The Alliance Defending Freedom (ADF) is the primary law firm defending West Virginia in that case at the Supreme Court, and has now responded to news that Slusser’s lawsuit could be affected by the SCOTUS ruling. 

“We hope the ruling from the Supreme Court will affirm that Title IX was designed to guarantee equal opportunity for women, not to let male athletes displace women and girl in competition. It is crucial that sports be separated by sex for not only the equal opportunity of women but for safety and privacy. Title IX should protect women’s right to compete in their own sports.
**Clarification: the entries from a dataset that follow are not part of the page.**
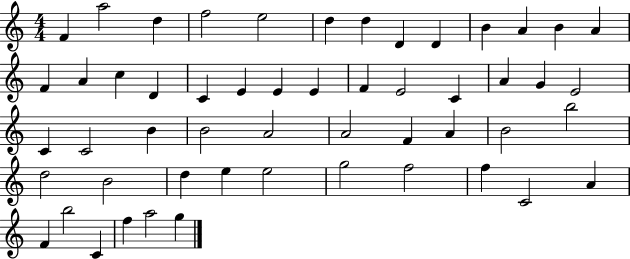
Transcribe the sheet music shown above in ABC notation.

X:1
T:Untitled
M:4/4
L:1/4
K:C
F a2 d f2 e2 d d D D B A B A F A c D C E E E F E2 C A G E2 C C2 B B2 A2 A2 F A B2 b2 d2 B2 d e e2 g2 f2 f C2 A F b2 C f a2 g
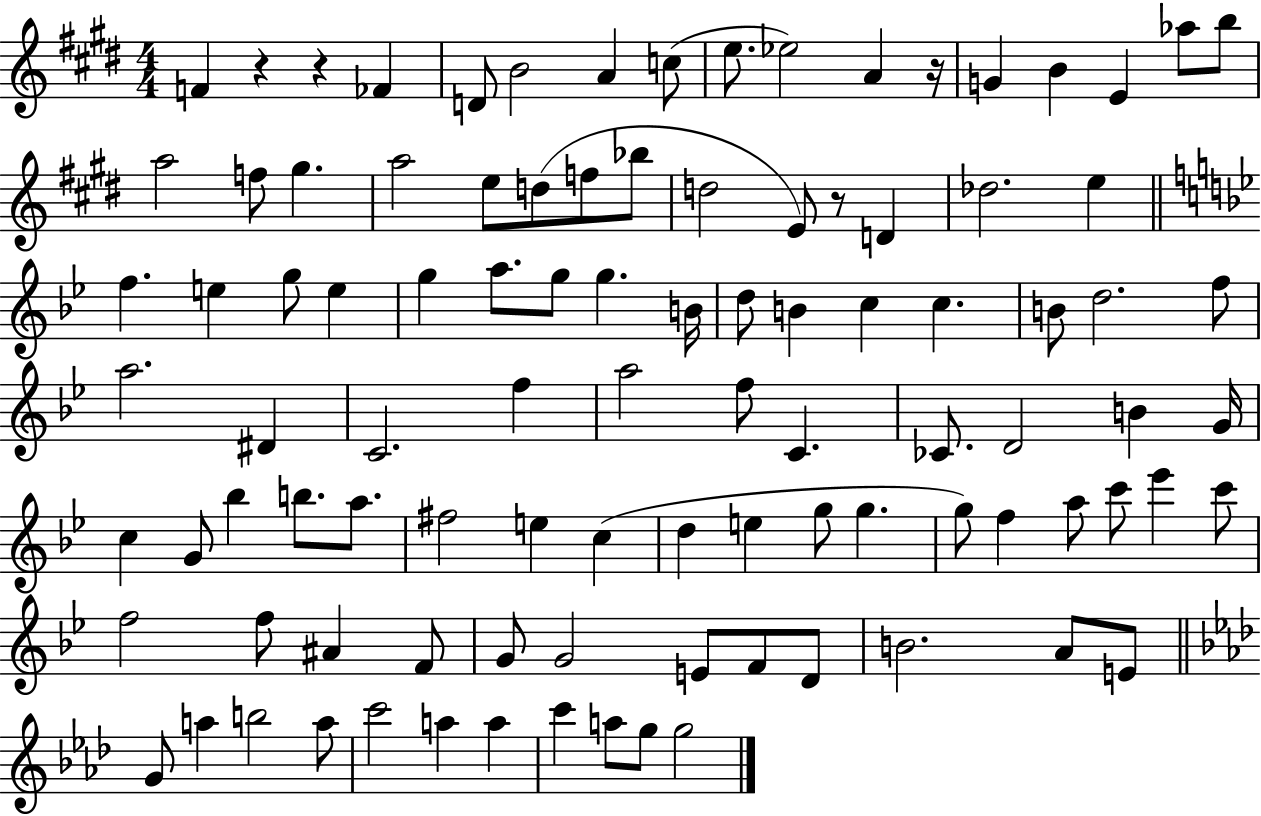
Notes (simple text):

F4/q R/q R/q FES4/q D4/e B4/h A4/q C5/e E5/e. Eb5/h A4/q R/s G4/q B4/q E4/q Ab5/e B5/e A5/h F5/e G#5/q. A5/h E5/e D5/e F5/e Bb5/e D5/h E4/e R/e D4/q Db5/h. E5/q F5/q. E5/q G5/e E5/q G5/q A5/e. G5/e G5/q. B4/s D5/e B4/q C5/q C5/q. B4/e D5/h. F5/e A5/h. D#4/q C4/h. F5/q A5/h F5/e C4/q. CES4/e. D4/h B4/q G4/s C5/q G4/e Bb5/q B5/e. A5/e. F#5/h E5/q C5/q D5/q E5/q G5/e G5/q. G5/e F5/q A5/e C6/e Eb6/q C6/e F5/h F5/e A#4/q F4/e G4/e G4/h E4/e F4/e D4/e B4/h. A4/e E4/e G4/e A5/q B5/h A5/e C6/h A5/q A5/q C6/q A5/e G5/e G5/h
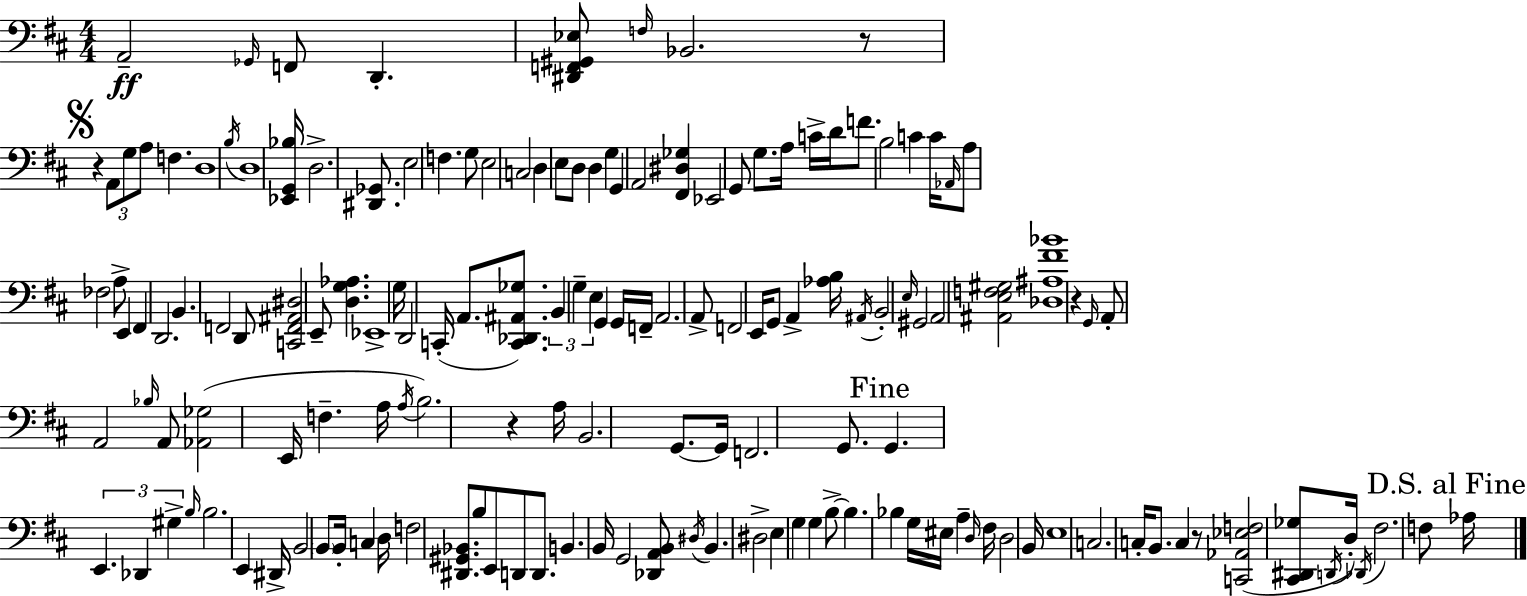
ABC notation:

X:1
T:Untitled
M:4/4
L:1/4
K:D
A,,2 _G,,/4 F,,/2 D,, [^D,,F,,^G,,_E,]/2 F,/4 _B,,2 z/2 z A,,/2 G,/2 A,/2 F, D,4 B,/4 D,4 [_E,,G,,_B,]/4 D,2 [^D,,_G,,]/2 E,2 F, G,/2 E,2 C,2 D, E,/2 D,/2 D, G, G,, A,,2 [^F,,^D,_G,] _E,,2 G,,/2 G,/2 A,/4 C/4 D/4 F/2 B,2 C C/4 _A,,/4 A,/2 _F,2 A,/2 E,, ^F,, D,,2 B,, F,,2 D,,/2 [C,,F,,^A,,^D,]2 E,,/2 [D,G,_A,] _E,,4 G,/4 D,,2 C,,/4 A,,/2 [C,,_D,,^A,,_G,]/2 B,, G, E, G,, G,,/4 F,,/4 A,,2 A,,/2 F,,2 E,,/4 G,,/2 A,, [_A,B,]/4 ^A,,/4 B,,2 E,/4 ^G,,2 A,,2 [^A,,E,F,^G,]2 [_D,^A,^F_B]4 z G,,/4 A,,/2 A,,2 _B,/4 A,,/2 [_A,,_G,]2 E,,/4 F, A,/4 A,/4 B,2 z A,/4 B,,2 G,,/2 G,,/4 F,,2 G,,/2 G,, E,, _D,, ^G, B,/4 B,2 E,, ^D,,/4 B,,2 B,,/2 B,,/4 C, D,/4 F,2 [^D,,^G,,_B,,]/2 B,/2 E,,/2 D,,/2 D,,/2 B,, B,,/4 G,,2 [_D,,A,,B,,]/2 ^D,/4 B,, ^D,2 E, G, G, B,/2 B, _B, G,/4 ^E,/4 A, D,/4 ^F,/4 D,2 B,,/4 E,4 C,2 C,/4 B,,/2 C, z/2 [C,,_A,,_E,F,]2 [^C,,^D,,_G,]/2 D,,/4 D,/4 _D,,/4 ^F,2 F,/2 _A,/4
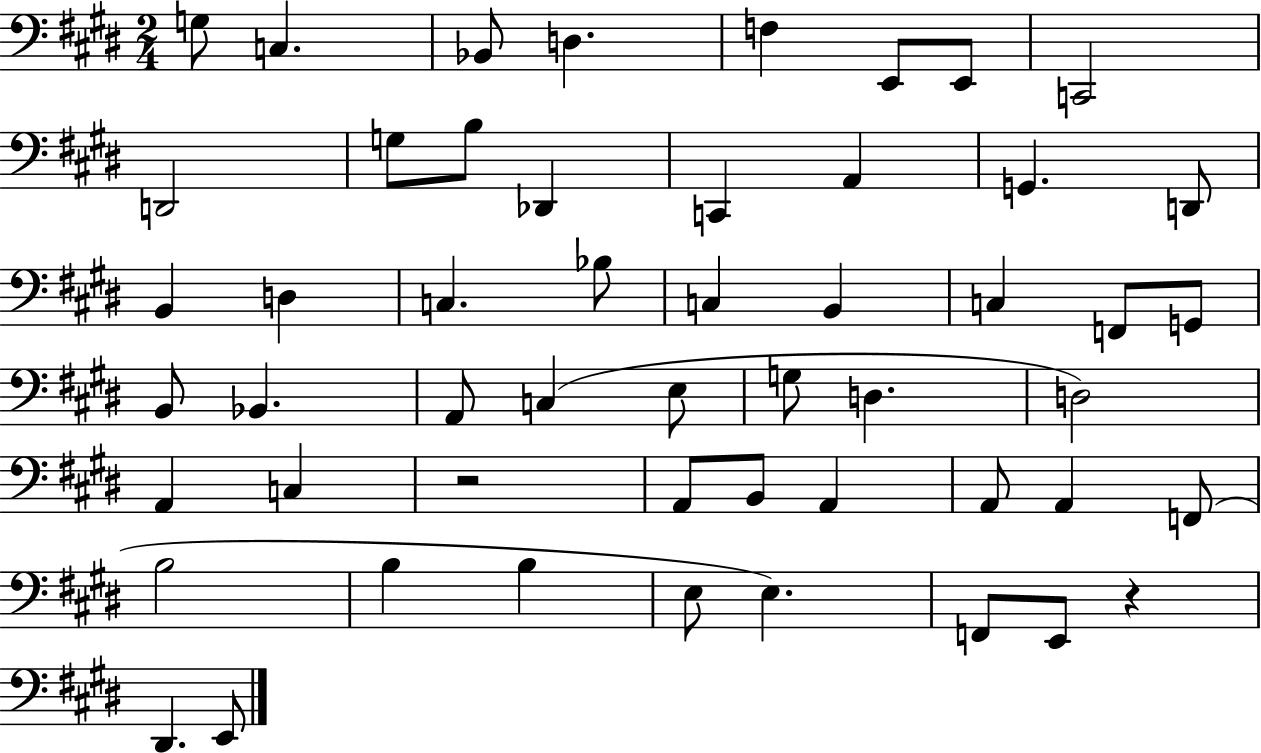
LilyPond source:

{
  \clef bass
  \numericTimeSignature
  \time 2/4
  \key e \major
  \repeat volta 2 { g8 c4. | bes,8 d4. | f4 e,8 e,8 | c,2 | \break d,2 | g8 b8 des,4 | c,4 a,4 | g,4. d,8 | \break b,4 d4 | c4. bes8 | c4 b,4 | c4 f,8 g,8 | \break b,8 bes,4. | a,8 c4( e8 | g8 d4. | d2) | \break a,4 c4 | r2 | a,8 b,8 a,4 | a,8 a,4 f,8( | \break b2 | b4 b4 | e8 e4.) | f,8 e,8 r4 | \break dis,4. e,8 | } \bar "|."
}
Allowing men to compete in the female category reverses 50 years of advancement for women,” ADF Vice President of Litigation Strategies Jonathan Scruggs said.

Slusser’s attorney, Bill Bock of the Independent Council on Women’s Sports, expects a Supreme Court ruling in favor of the legal defense representing West Virginia, thus helping his case. 

(Left) Brooke Slusser (10) of the San Jose State Spartans serves the ball during the first set against the Air Force Falcons at Falcon Court at East Gym in Colorado Springs, Colorado, on Oct. 19, 2024. (Right) Blaire Fleming #3 of the San Jose State Spartans looks on during the third set against the Air Force Falcons at Falcon Court at East Gym on October 19, 2024 in Colorado Springs, Colorado. ( Andrew Wevers/Getty Images; Andrew Wevers/Getty Images)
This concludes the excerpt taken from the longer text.